Communicating with our beloved furry companions can sometimes be challenging. How can we educate a species that doesn't comprehend our language?

One way to bridge this communication gap is through patience, consistency, and positive reinforcement. By using clear, simple commands coupled with gestures or cues, we can help our pets understand what we are trying to convey. Additionally, observing their body language and reactions can provide valuable insights into their thoughts and feelings. Building a strong bond based on trust and understanding is key to effective communication with our four-legged friends. Remember, it's not just about teaching them our language, but also about learning to understand and respect their unique ways of communicating with us. Learn to communicate with your dog like a pro with the following tips.



  • Encourage new behaviors through free-shaping and rewarding, fostering a natural inclination towards the desired actions.


  • Prioritize free-shaping or luring with hand signals over verbal commands until your dog consistently performs the behavior or responds to gestures without food present.


  • Keep commands brief, as canines respond best to one-syllable words, avoiding lengthy conversations when giving instructions.


  • Canines listen to tone more than the command. There is a command tone, Praise tone, and correction tone.
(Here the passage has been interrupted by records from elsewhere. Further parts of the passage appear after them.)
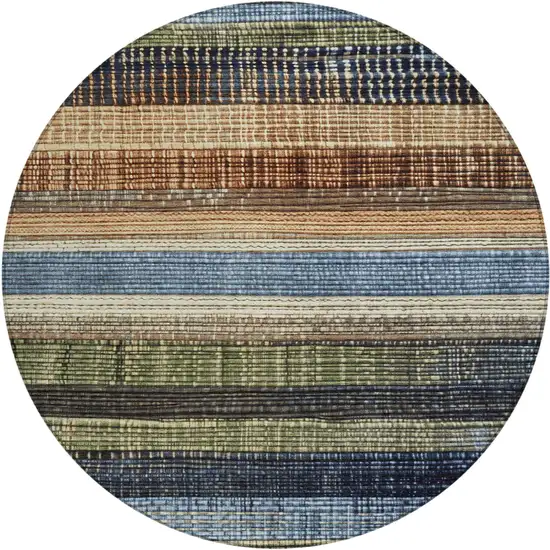 8' Blue And Brown Round Striped Washable Indoor Outdoor Area Rug Photo 1
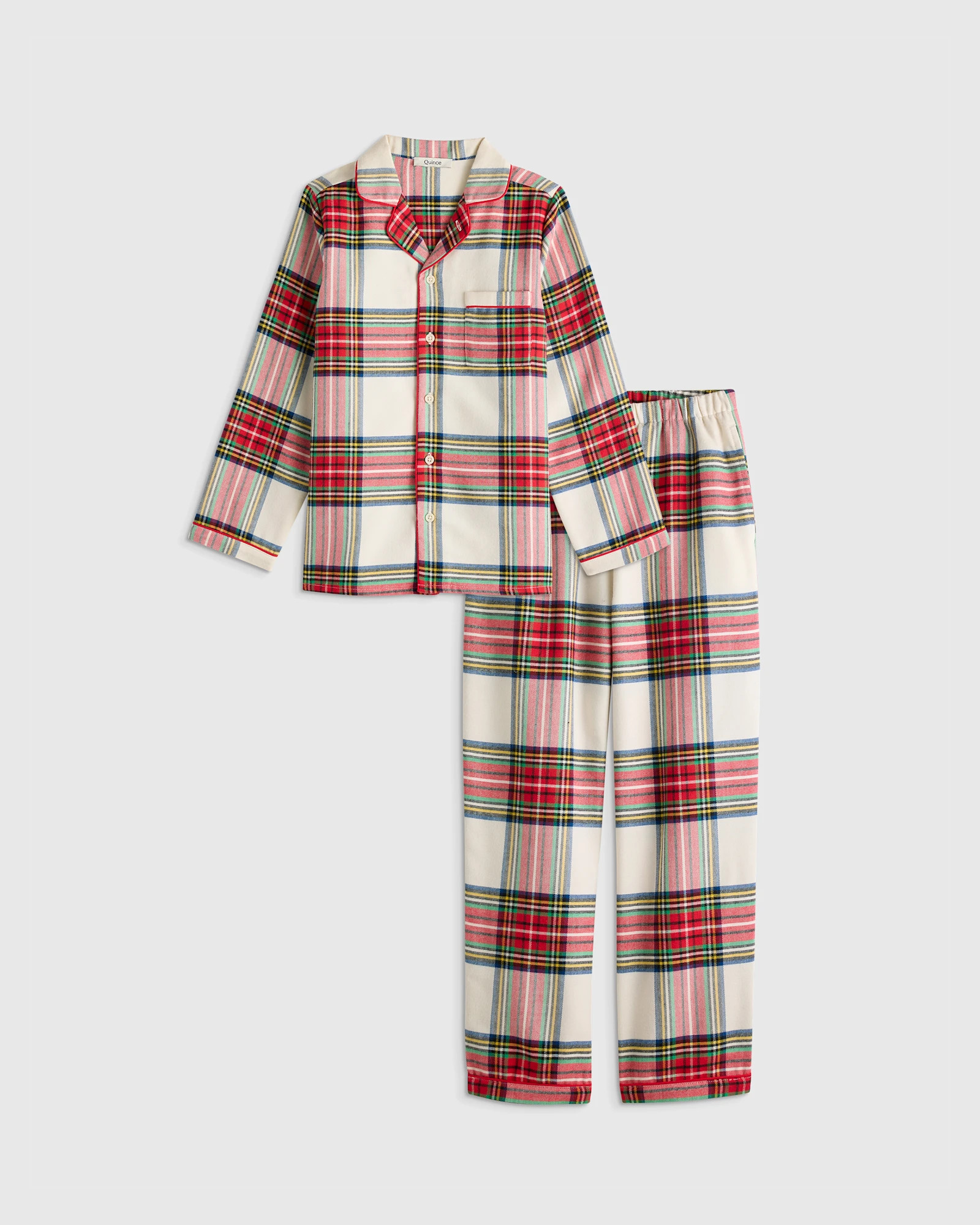 Quince | Holiday Flannel Pajama Set in Holiday Tartan, Size 4T, Recycled Polyester | Quince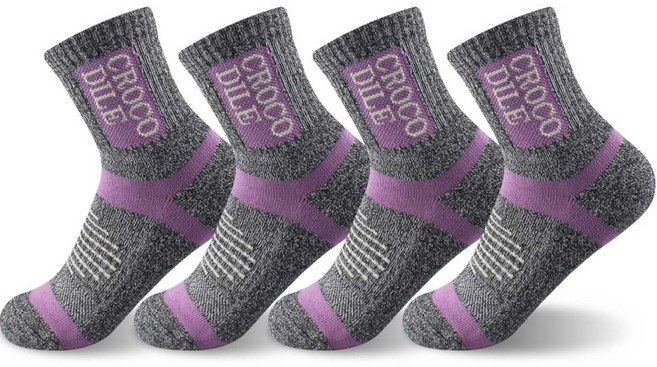 크로커다일 여성용 스포츠 쿠션 등산 드라이쿨 중목 양말 CD322, 퍼플, 4세트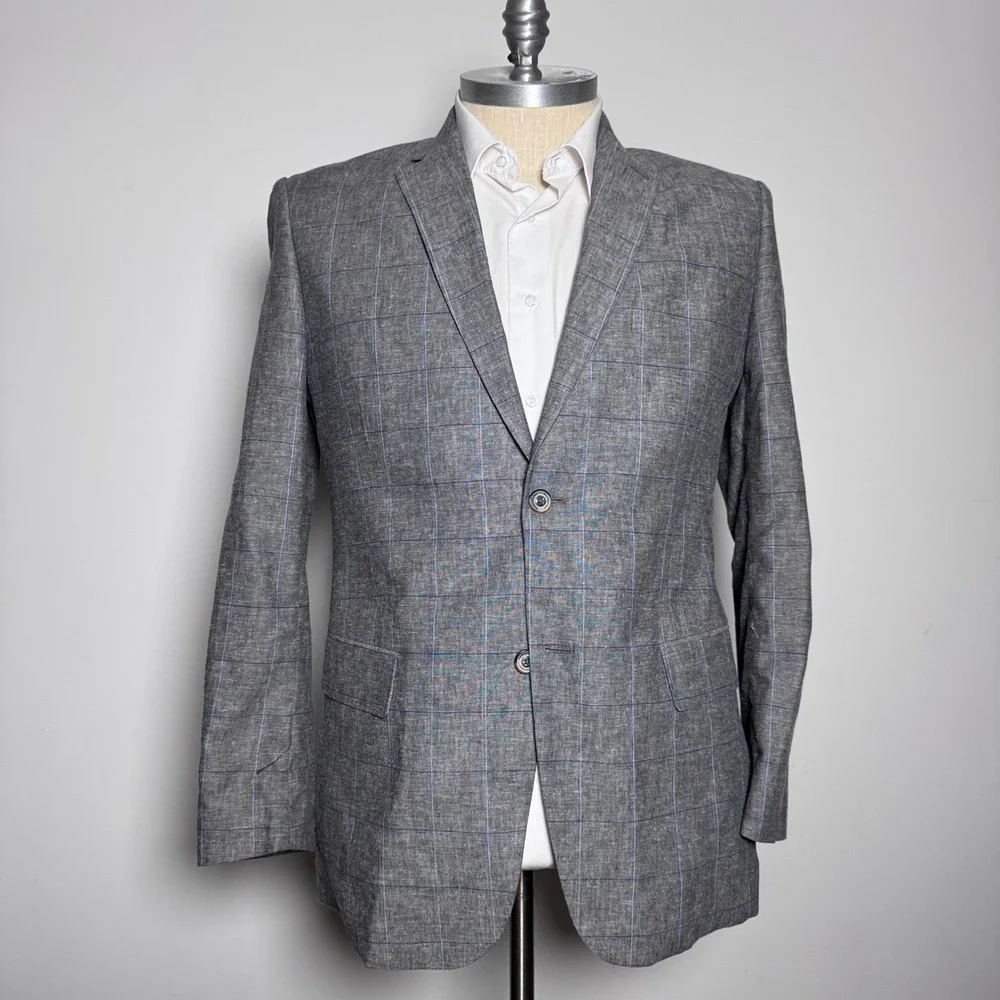 Tasso‎ Elba Island Blazer Mens L 42-44 Gray Windowpane Linen Cotton Sport Coat
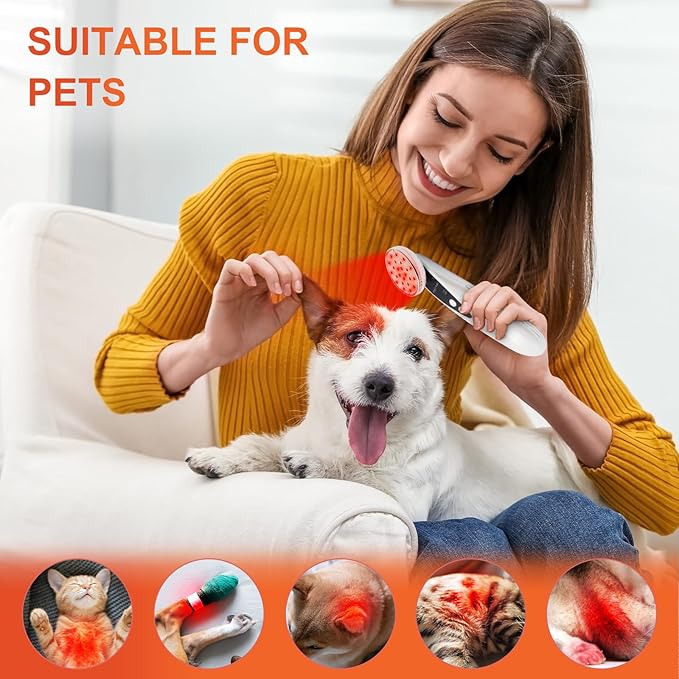 Portable Red Light Therapy, Handheld Red Light Therapy for Body, Near Infrared Light Therapy 660nm & 850nm at Home, Sliver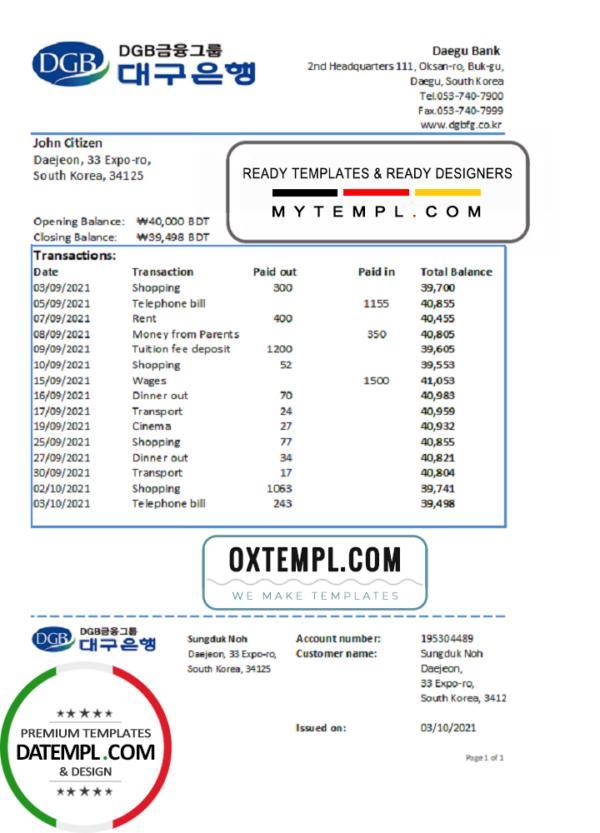 editable template, South Korea Daegu bank statement easy to fill template in Excel and PDF format
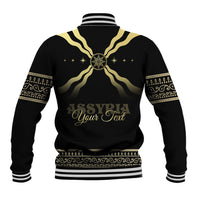 Black baseball jacket with gold back emblem and decorative lettering, striped ribbed hem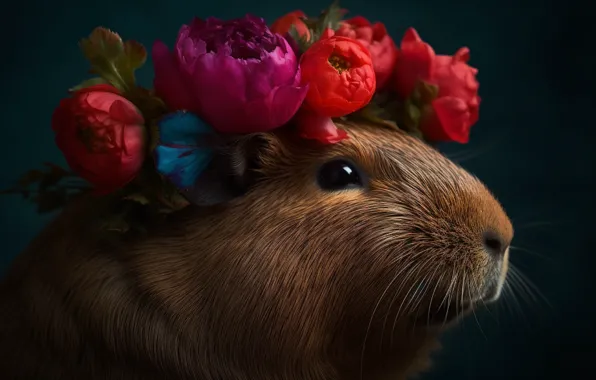 Look, flowers, the dark background, portrait, red, Guinea pig, face, wreath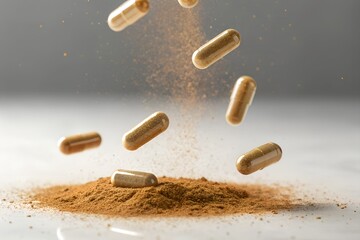 Herbal Capsules Falling with Brown Powder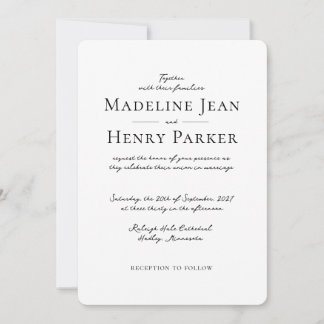 Elegant Minimal Black White Photo Wedding Invitation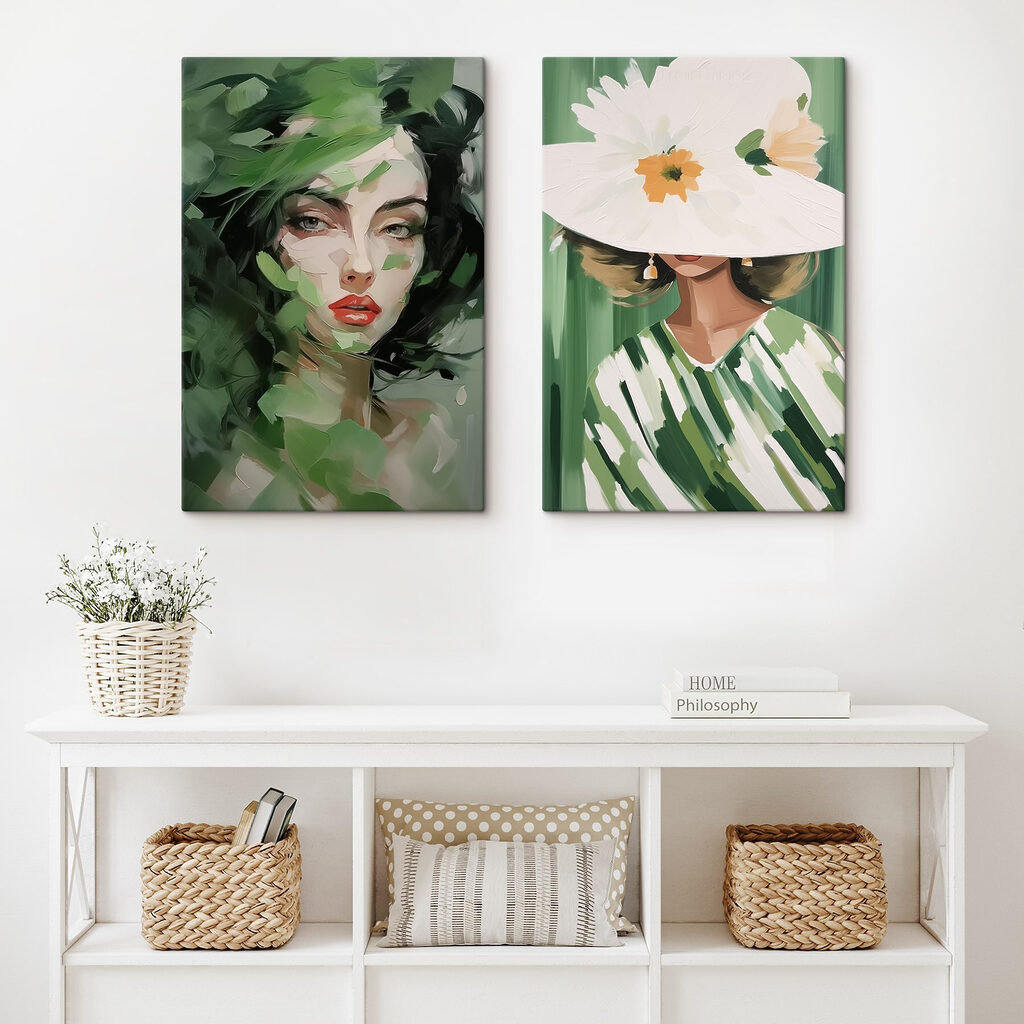 Two pictures of women with leaves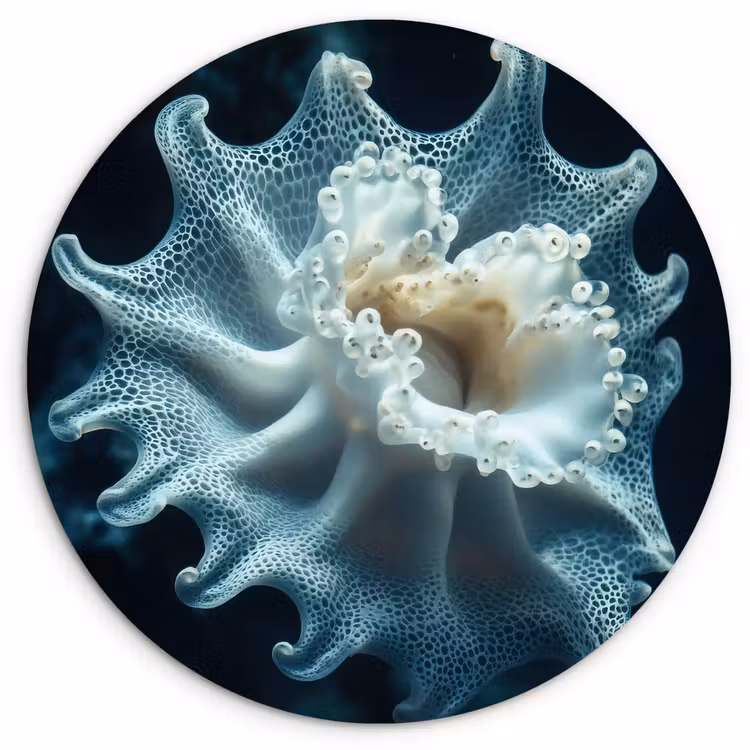 Zeewezen - Wit - Golven - Water Wandcirkel kunststof plaat 5mm dik klein -3d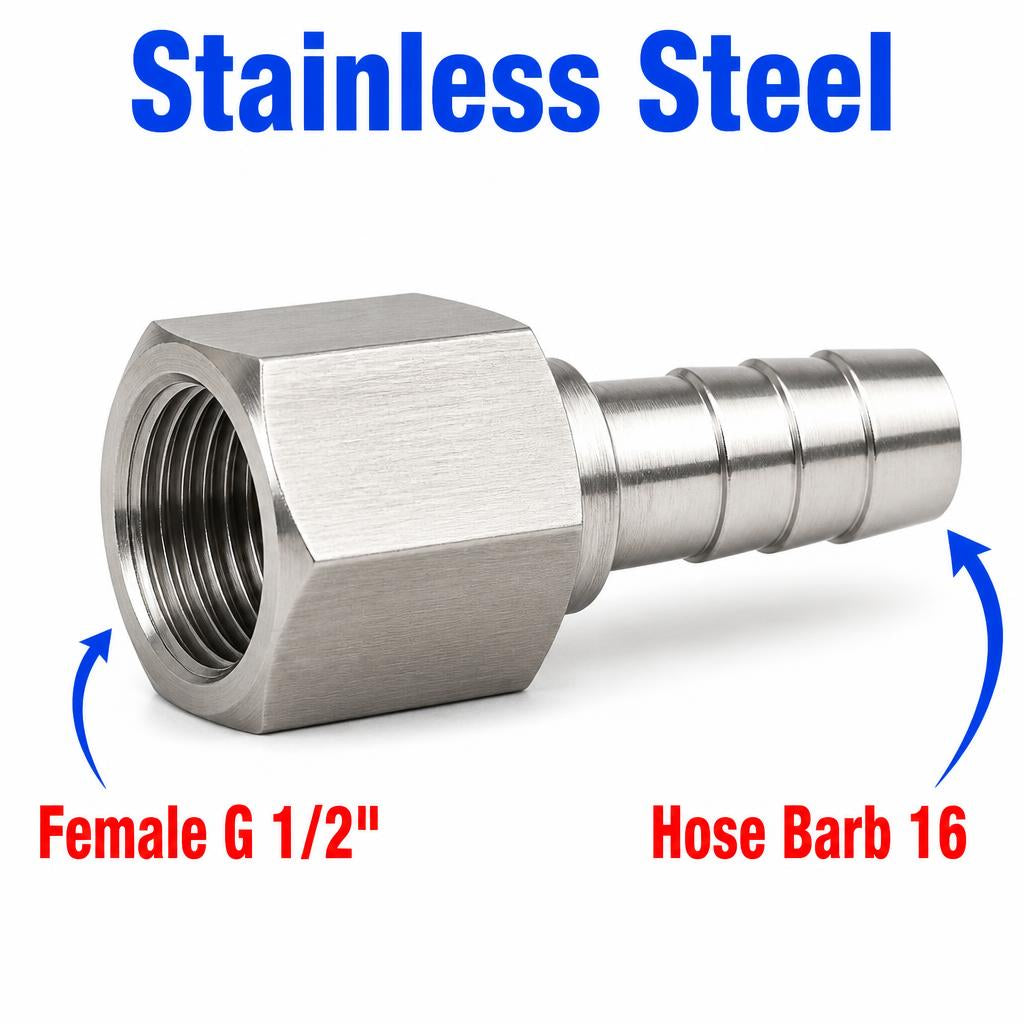 Stainless steel BSP G 1/2 inch female to 16mm barb sensor adaptor fitting from MC Motoparts, for conversion and plumbing applications.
Don’t say your commands in a praise tone as they will think they are being praised therefore they will ignore the actual command.


  • Avoid using a correction tone for commands, as it might discourage your dog from following instructions.


  • Do not ask questions, “Can you sit?” Their answer will most likely be no.

  • Capture your dog's attention before issuing commands, as lack of engagement may result in non-compliance.


  • Utilize various methods such as verbal cues, hand signals, body language, and leash or e-collar pressure to communicate effectively with your dog, adapting to their state of mind for better understanding.


  • Maintain an upright and confident body posture to assert leadership over playfulness, ensuring your dog sees you as a leader rather than a playmate to enhance compliance with commands.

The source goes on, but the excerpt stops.